§ Task requirements
Should an entry contain an image, leave the image out and repeat the entry's text exactly.

※

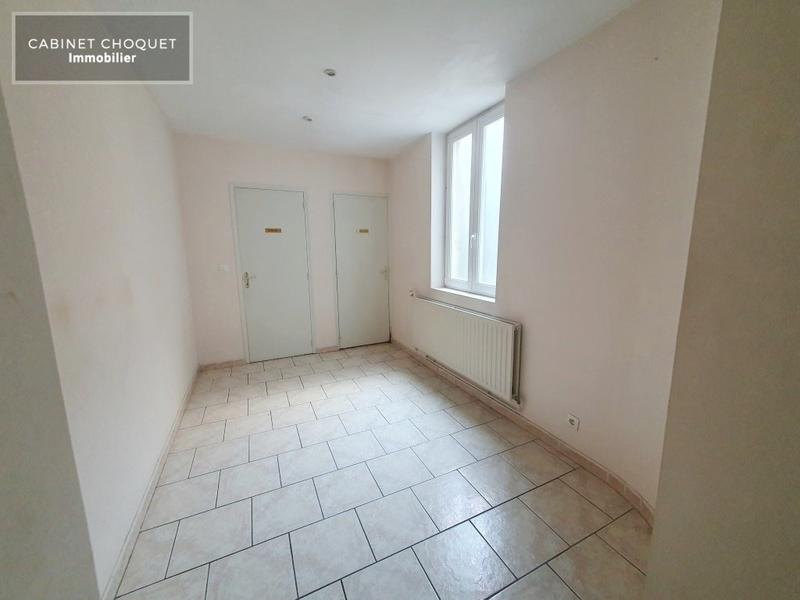 Bureau - 47 m² - 2 pièces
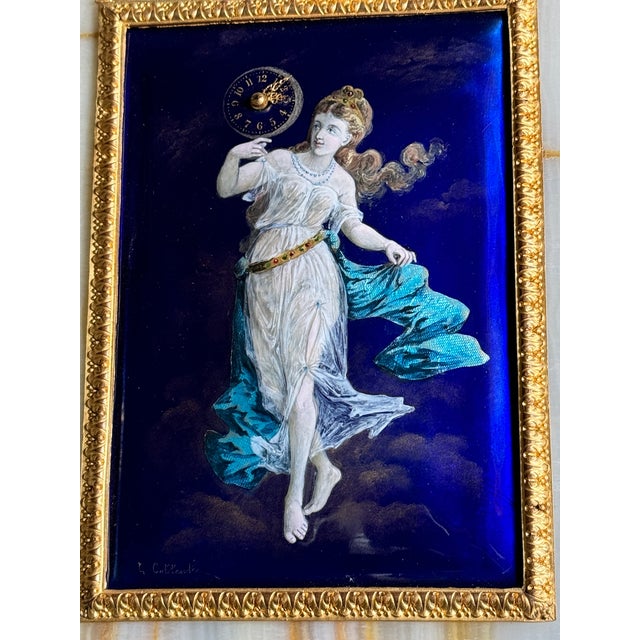 This exceptional French table clock from circa 1860 is a refined and highly decorative object that perfectly blends fine...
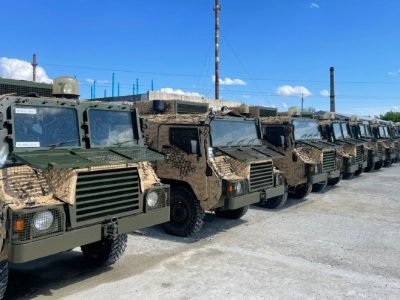 Українські військові отримали від благодійників броньовані позашляховики Pinzgauer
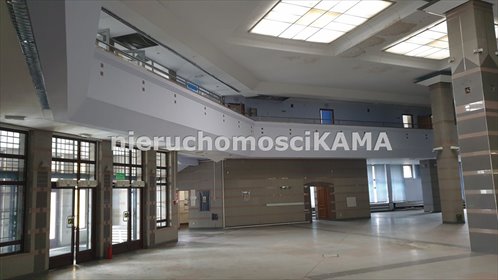 Sprzedam reprezentacyjny obiekt handlowo-usługowy 6075 m² z parkingiem lokal użytkowy Bielsko-Biała, Centrum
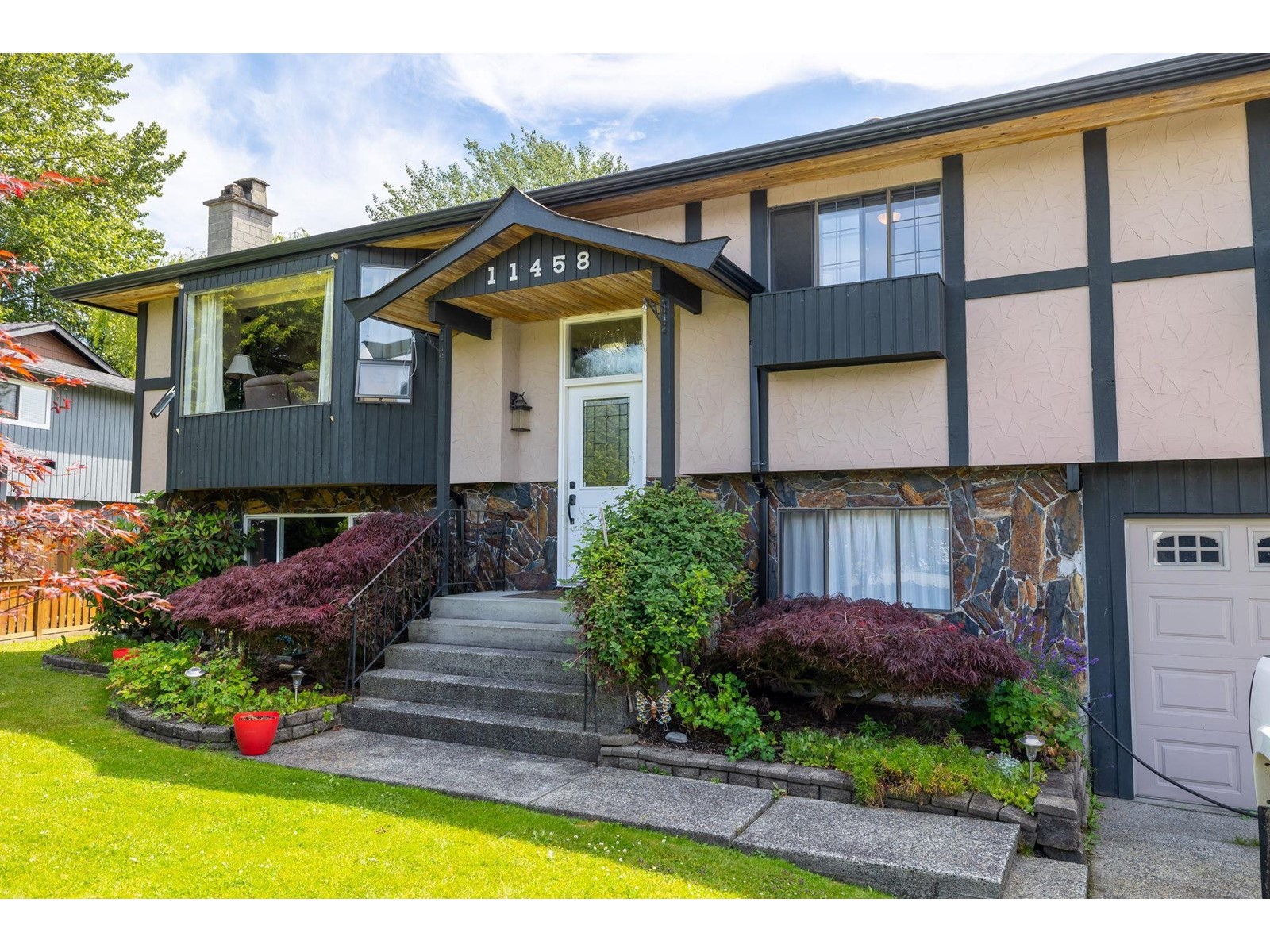 11458 Wildwood Crescent, Pitt Meadows, BC, V3Y 1N1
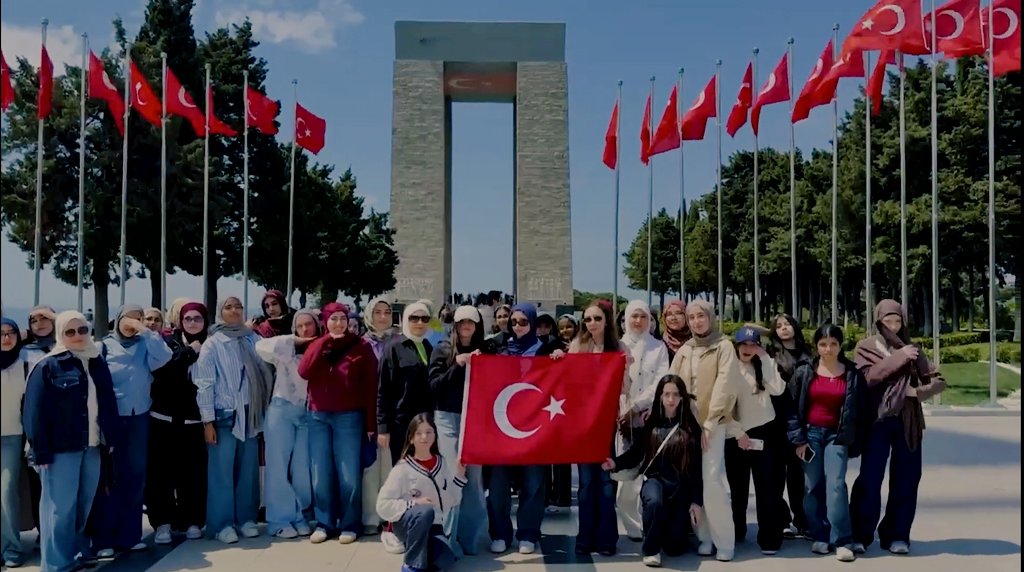 Chadfreee's tweet photo. @AliCologne Nur die eine Hälfte der türkischen Schulen, sieht so aus wie bei dir. Der andere Teil sieht so aus: https://t.co/2yGO7dt6oc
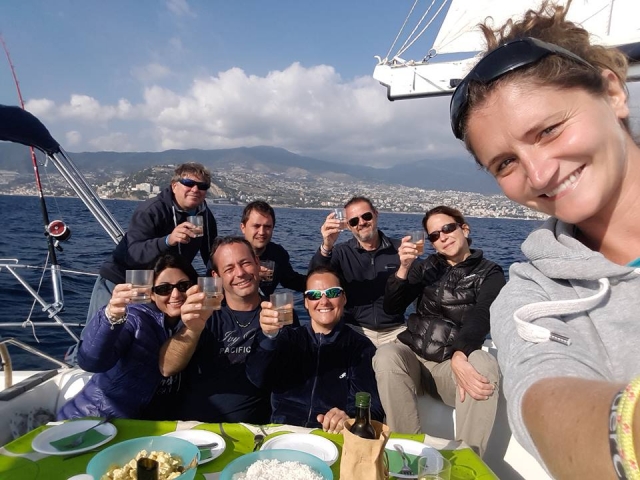  Un lindo almuerzo a bordo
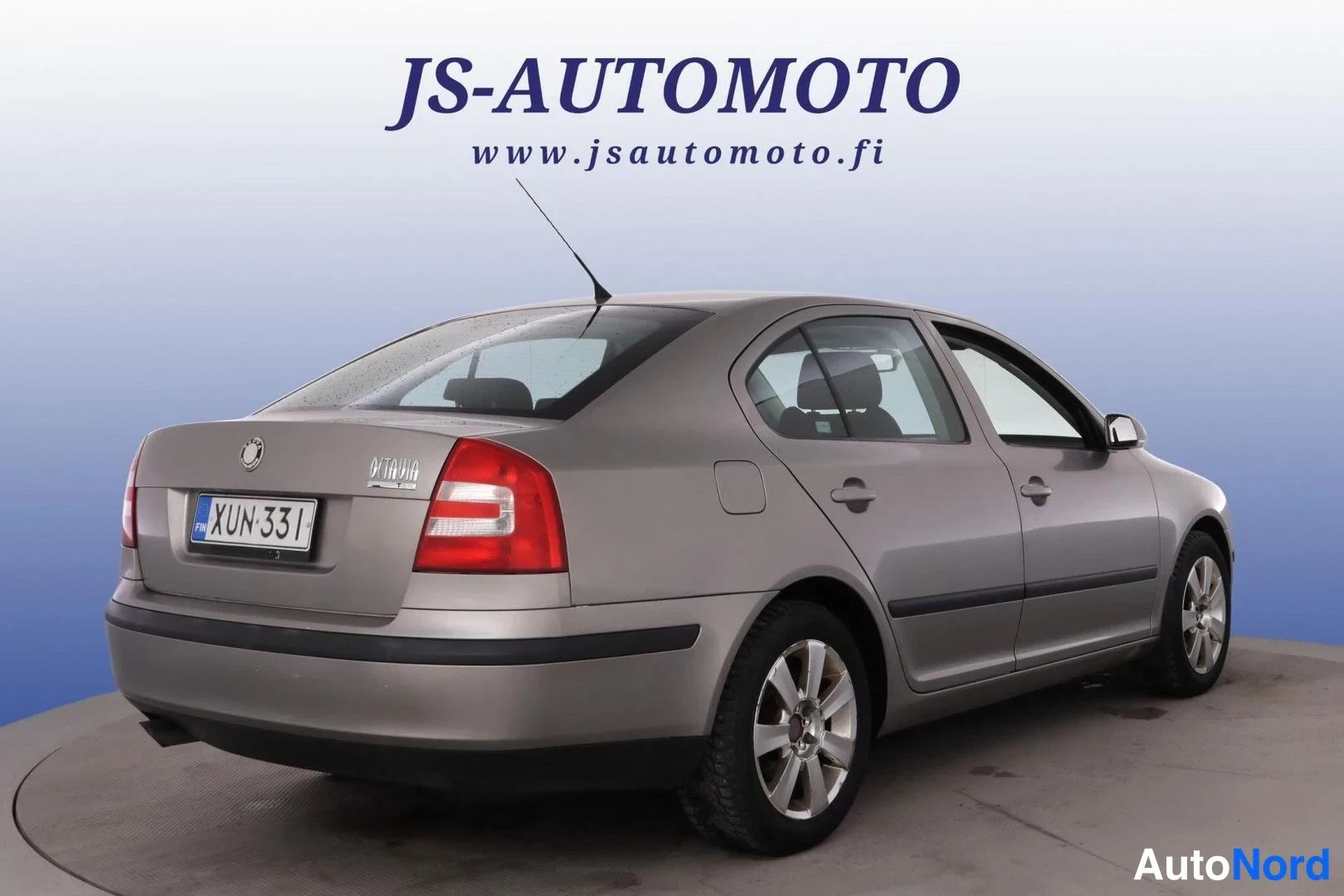 Beige Skoda Octavia 2008, takaviisto, kuva 5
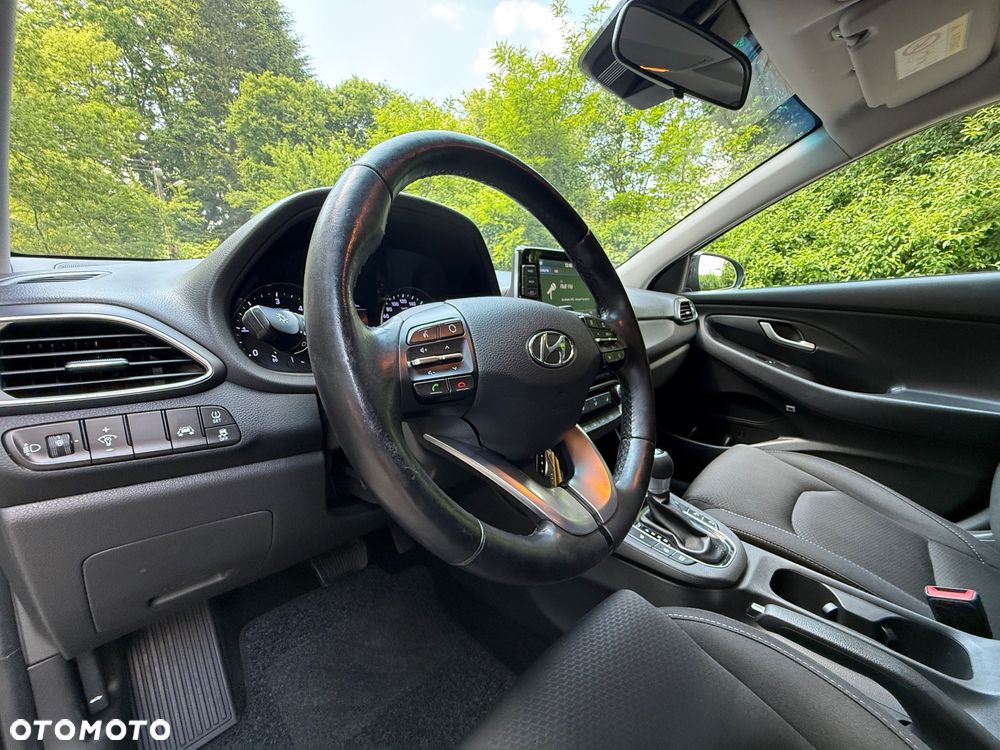 Hyundai i30 1.6 D Comfort DCT - 17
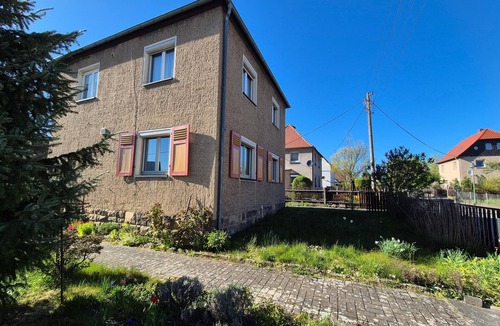 Lohmen House | Holiday Home 'Elbsandstein vor der Tür' with Private Terrace and Garden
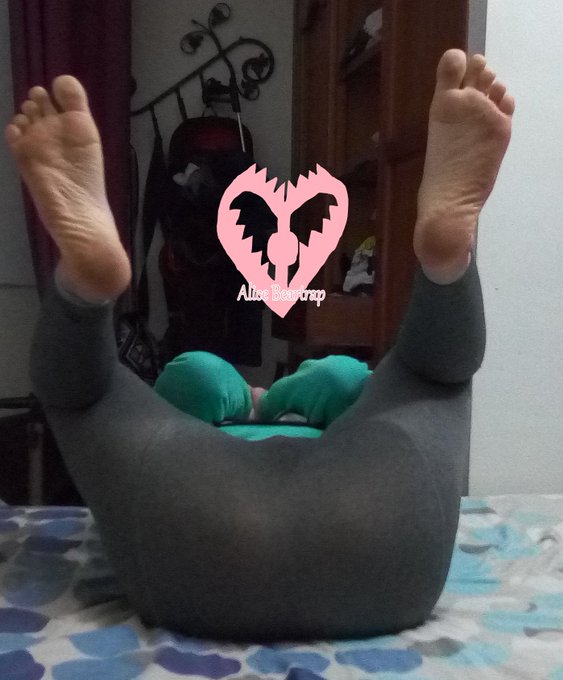 Sorry I have been a bit gone, hope you still want to lick my feet u///u and also it my ass if you want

※

§ Task response
 Bureau - 47 m² - 2 pièces
 This exceptional French table clock from circa 1860 is a refined and highly decorative object that perfectly blends fine...
 Українські військові отримали від благодійників броньовані позашляховики Pinzgauer
 Sprzedam reprezentacyjny obiekt handlowo-usługowy 6075 m² z parkingiem lokal użytkowy Bielsko-Biała, Centrum
 11458 Wildwood Crescent, Pitt Meadows, BC, V3Y 1N1
 Chadfreee's tweet photo. @AliCologne Nur die eine Hälfte der türkischen Schulen, sieht so aus wie bei dir. Der andere Teil sieht so aus: https://t.co/2yGO7dt6oc
  Un lindo almuerzo a bordo
 Beige Skoda Octavia 2008, takaviisto, kuva 5
 Hyundai i30 1.6 D Comfort DCT - 17
 Lohmen House | Holiday Home 'Elbsandstein vor der Tür' with Private Terrace and Garden
 Sorry I have been a bit gone, hope you still want to lick my feet u///u and also it my ass if you want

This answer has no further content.